-- Recorded information follows --

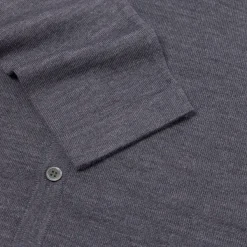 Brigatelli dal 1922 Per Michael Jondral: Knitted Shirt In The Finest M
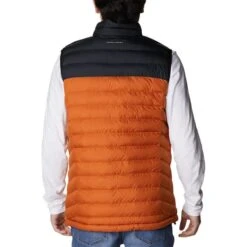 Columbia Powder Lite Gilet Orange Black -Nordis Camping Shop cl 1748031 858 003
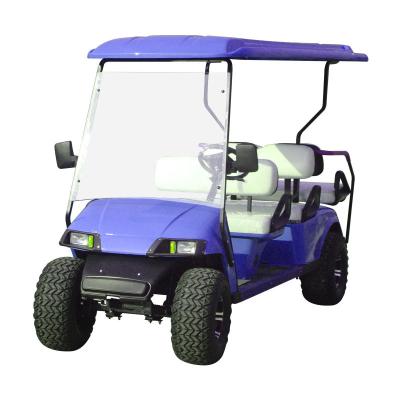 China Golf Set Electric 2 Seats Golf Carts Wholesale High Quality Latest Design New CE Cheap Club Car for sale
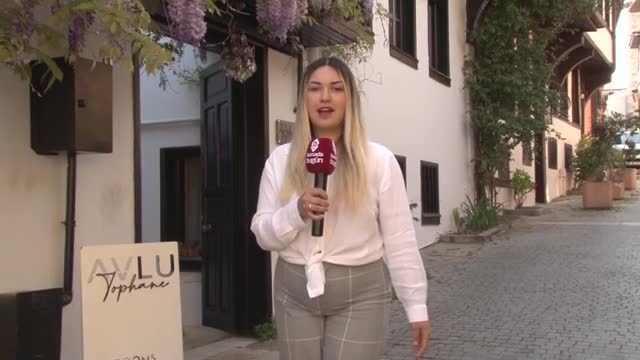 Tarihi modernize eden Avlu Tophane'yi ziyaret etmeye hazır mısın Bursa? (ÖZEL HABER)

-- Recorded information concluded --

__Task instructions__: Set down the data above word for word, leaving every picture out.

__Final answer__:
 Brigatelli dal 1922 Per Michael Jondral: Knitted Shirt In The Finest M
 Columbia Powder Lite Gilet Orange Black -Nordis Camping Shop cl 1748031 858 003
 China Golf Set Electric 2 Seats Golf Carts Wholesale High Quality Latest Design New CE Cheap Club Car for sale
 Tarihi modernize eden Avlu Tophane'yi ziyaret etmeye hazır mısın Bursa? (ÖZEL HABER)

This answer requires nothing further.